The Gandhian Parikrama continued with Phase III, which covered Delhi, Chennai, the Andaman-Nicobar Islands, and returned via Kolkata.

In the final Phase IV, scheduled for 2013, the initiative aimed to encompass remaining regions of the country, including Sikkim, Bihar, Jharkhand, Goa, Diu-Daman, Dadar-Nagar Haveli, Lakshadweep Islands, and Puducherry.

The Gandhi Global Family (GGF) instituted annual awards in honor of prominent freedom fighters and national heroes, including Mahatma Gandhi, Pt. Jawaharlal Nehru, Maulana Abul Kalam Azad, Subhas Chandra Bose, Shaheed Bhagat Singh, Sardar Vallabhbhai Patel, Babu Jagjivan Ram, Dr. B.R. Ambedkar, Sh. Lal Bahadur Shastri, Smt. Indira Gandhi, Sant Vinoba Bhave, Baba Amte, Sh. Rajiv Gandhi, Swami Vivekananda, Nund Rishi, Habba Khatoon, Lal Ded, Baba Jitto, Raja Jamboo Lochan, and Mian Dido. These awards were created to recognize the selfless services provided by individuals, institutions, organizations, trusts, and others working across various fields to improve the living conditions and social status of marginalized sections of society, without regard to caste, color, creed, or gender.
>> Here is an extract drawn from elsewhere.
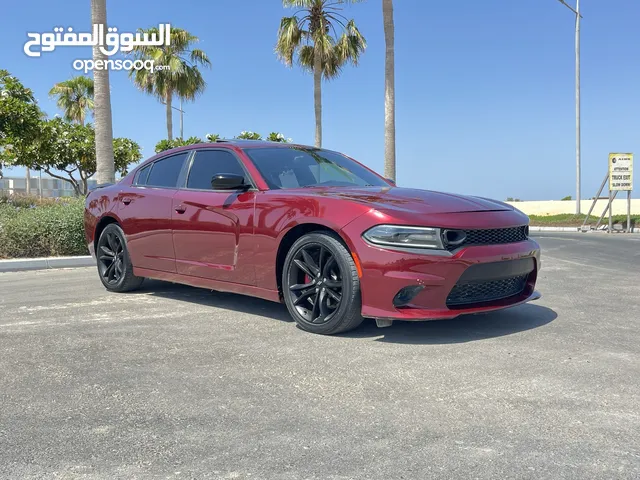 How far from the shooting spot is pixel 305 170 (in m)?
5.36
Furthermore, distinguished individuals such as the Dalai Lama, former President of India Shri K R Narayanan, the first lady Speaker of India Smt. Meira Kumar, Prof. Dominic Shellard, Vice Chancellor of De Montfort University Leicester, and Mrs. Kiran Mehra Kerpelman, Director of the United Nations Information Centre for India and Bhutan, have been honored with the "Mahatma Gandhi Award" for their commendable efforts, including their contributions during times of natural disasters, such as the earthquake calamity in Jammu and Kashmir State.

One of S. P. Varma's notable achievements was leading the first delegation of Non-Resident Indians and Non-Resident Pakistanis settled in Europe, Canada, and the USA to Jammu and Kashmir State. This delegation represented a unique opportunity to engage with the diaspora and foster ties between regions.

S. P. Varma's dedication to Gandhian principles led him to spearhead Gandhian Peace Missions to several foreign countries, including Italy, France, Germany, the Netherlands, Belgium, Switzerland, Luxembourg, Bangkok, and Pakistan. These missions aimed to propagate Gandhian ideology as a means to achieve global peace. Varma's efforts emphasized the universal applicability of Gandhian values.

As a Gandhian Worker, S. P. Varma participated in international forums, such as the United Nations Organization (UNO) in Geneva and the European Union in Brussels. During these meetings, he delivered lectures on the practical implementation of Gandhian Ideology, with a specific focus on addressing conflicts and challenges in Jammu and Kashmir.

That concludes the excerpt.